[Opening Collected data section]
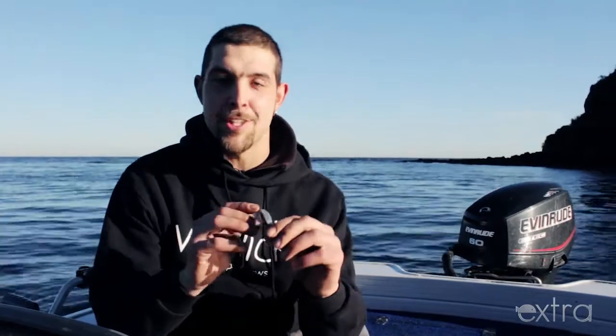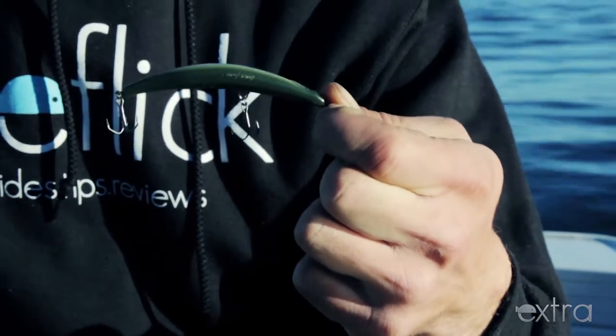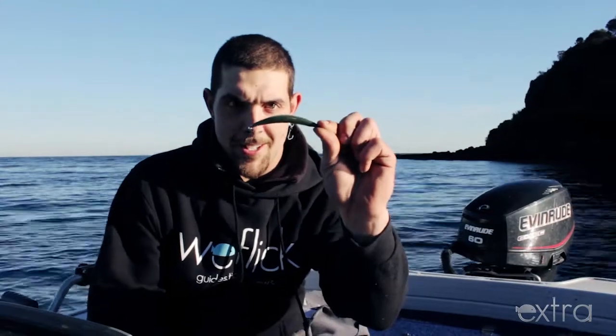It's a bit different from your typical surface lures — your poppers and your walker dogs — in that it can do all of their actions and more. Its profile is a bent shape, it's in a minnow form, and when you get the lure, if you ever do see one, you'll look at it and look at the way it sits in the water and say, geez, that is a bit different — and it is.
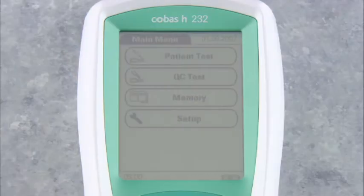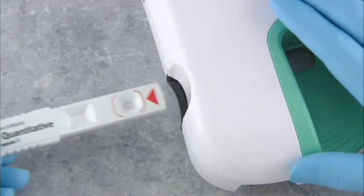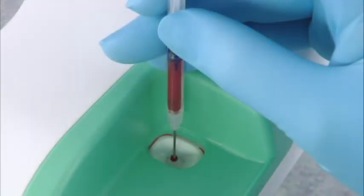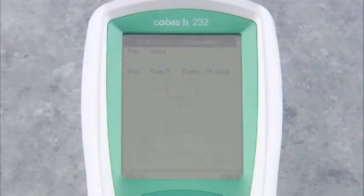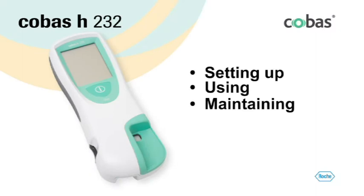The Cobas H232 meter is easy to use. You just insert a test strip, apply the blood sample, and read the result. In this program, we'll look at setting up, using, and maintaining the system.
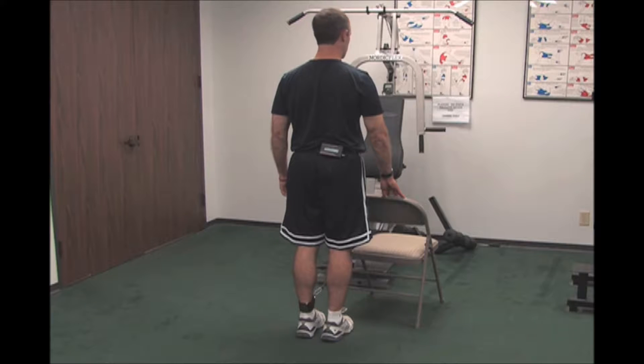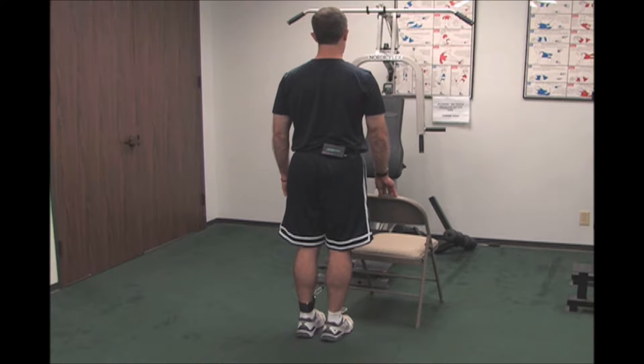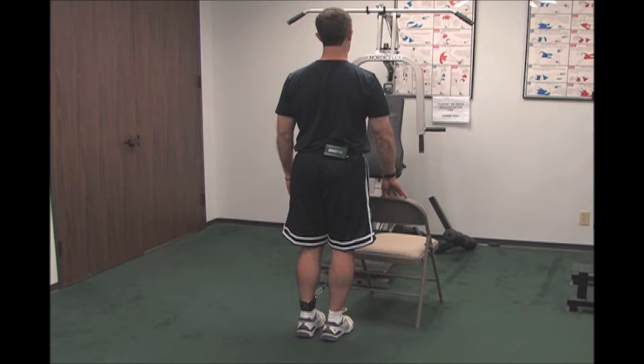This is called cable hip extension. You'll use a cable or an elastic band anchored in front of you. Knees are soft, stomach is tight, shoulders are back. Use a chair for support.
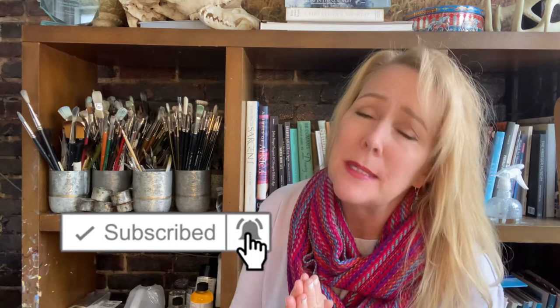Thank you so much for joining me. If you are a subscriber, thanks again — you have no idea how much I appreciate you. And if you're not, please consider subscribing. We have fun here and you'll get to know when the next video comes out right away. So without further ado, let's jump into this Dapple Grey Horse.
[Closing Collected data section]
Exercise:
Your task is an exact transcription of all the data, minus the pictures.

Finished exercise:
It's a bit different from your typical surface lures — your poppers and your walker dogs — in that it can do all of their actions and more. Its profile is a bent shape, it's in a minnow form, and when you get the lure, if you ever do see one, you'll look at it and look at the way it sits in the water and say, geez, that is a bit different — and it is.
The Cobas H232 meter is easy to use. You just insert a test strip, apply the blood sample, and read the result. In this program, we'll look at setting up, using, and maintaining the system.
This is called cable hip extension. You'll use a cable or an elastic band anchored in front of you. Knees are soft, stomach is tight, shoulders are back. Use a chair for support.
Thank you so much for joining me. If you are a subscriber, thanks again — you have no idea how much I appreciate you. And if you're not, please consider subscribing. We have fun here and you'll get to know when the next video comes out right away. So without further ado, let's jump into this Dapple Grey Horse.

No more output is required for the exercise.